Il sistema circolatorio comprende un lungo vaso dorsale capace di contrarsi, che funge da cuore, e un altrettanto lungo vaso ventrale, connesso al primo per mezzo di una coppia di vasi trasversali per ogni metamero. Non esistono invece, in generale, organi dedicati alla respirazione, che consiste per gli anellidi in un semplice scambio di gas attraverso la cute; solo in alcune specie lo scambio è localizzato in strutture specializzate simili a branchie, situate in corrispondenza dei parapodi.
| 2. | Oligocheti |
Gli oligocheti, il cui rappresentante più noto è il comune lombrico, sono privi di parapodi e hanno un numero minore di sete rispetto ai policheti. Queste ultime hanno la funzione di far presa nel terreno, mentre l’animale procede con un movimento a fisarmonica, consentito da due strati di muscoli disposti in modo longitudinale e trasversale rispetto all’asse del corpo. Il corpo è adattato alla vita nell’ambiente ipogeo: è rivestito da una pellicola esterna detta cuticola, mantenuta umida da muco appositamente secreto, e inoltre il capo non ha occhi, né palpi.
| 3. | Irudinei |
Gli irudinei, meglio noti come sanguisughe, sono costituiti da un numero fisso di metameri, pari a 34. Mentre nelle altre due classi, ai solchi visibili esternamente sulla cute corrispondono internamente i setti che separano i metameri, negli irudinei questa corrispondenza non vale e il numero di segmenti apparenti è generalmente superiore a 34. Il primo e l’ultimo metamero recano delle ventose, utilizzate per aderire saldamente al substrato e per la locomozione “a compasso”; solitamente privi di sete, le sanguisughe si spostano infatti nuotando con movimenti sinuosi o attaccando e staccando in modo alternato le due ventose mentre allungano e contraggono il corpo.

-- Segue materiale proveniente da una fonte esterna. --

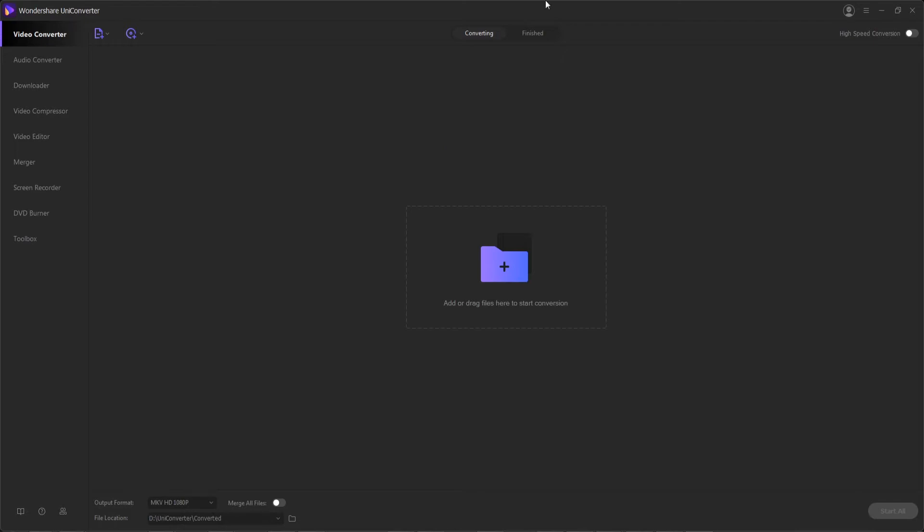If you have movie clips that you want to watch on your iPhone, iPad, or Android phone, Wondershare Uniconverter helps you convert these files in your preferred format very efficiently and easily. Here's the procedure you'll need to take to get this done.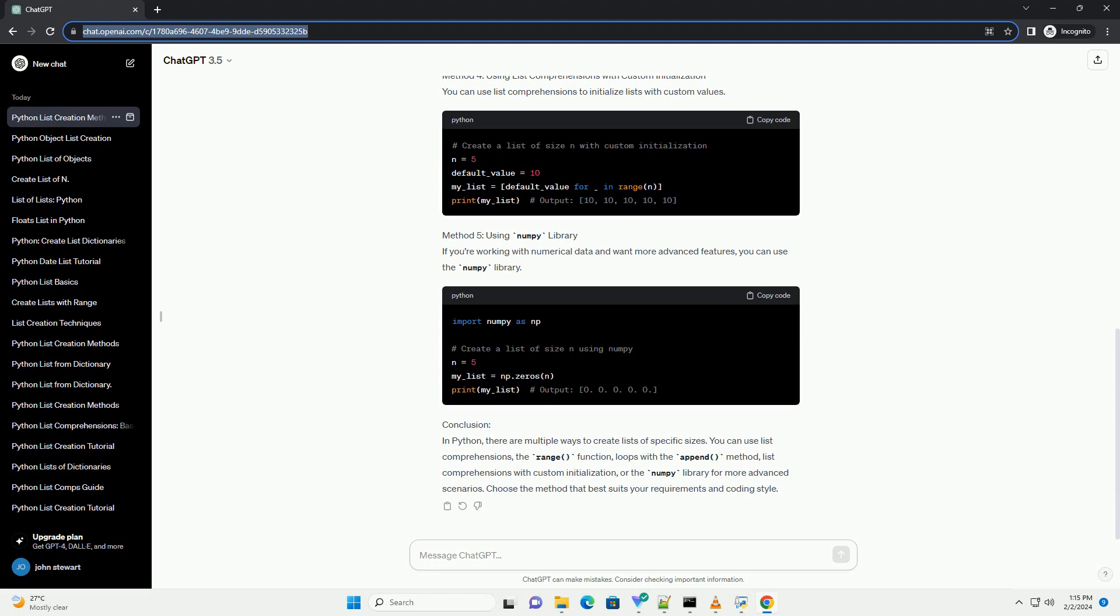Conclusion: In Python, there are multiple ways to create lists of specific sizes. You can use list comprehensions, the range function, loops with the append method, list comprehensions with custom initialization, or the Numpy Library for more advanced scenarios. Choose the method that best suits your requirements and coding style.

Il sistema digerente è adattato alla funzione di parassiti ematofagi (si nutrono del sangue di animali superiori) degli irudinei: l’apparato boccale può essere munito di mascelle o di proboscide e comprende delle ghiandole salivari che secernono una sostanza, chiamata irudina, capace di impedire la coagulazione del sangue dell’ospite; in questo modo la sanguisuga può succhiare e digerire il sangue con tutta calma.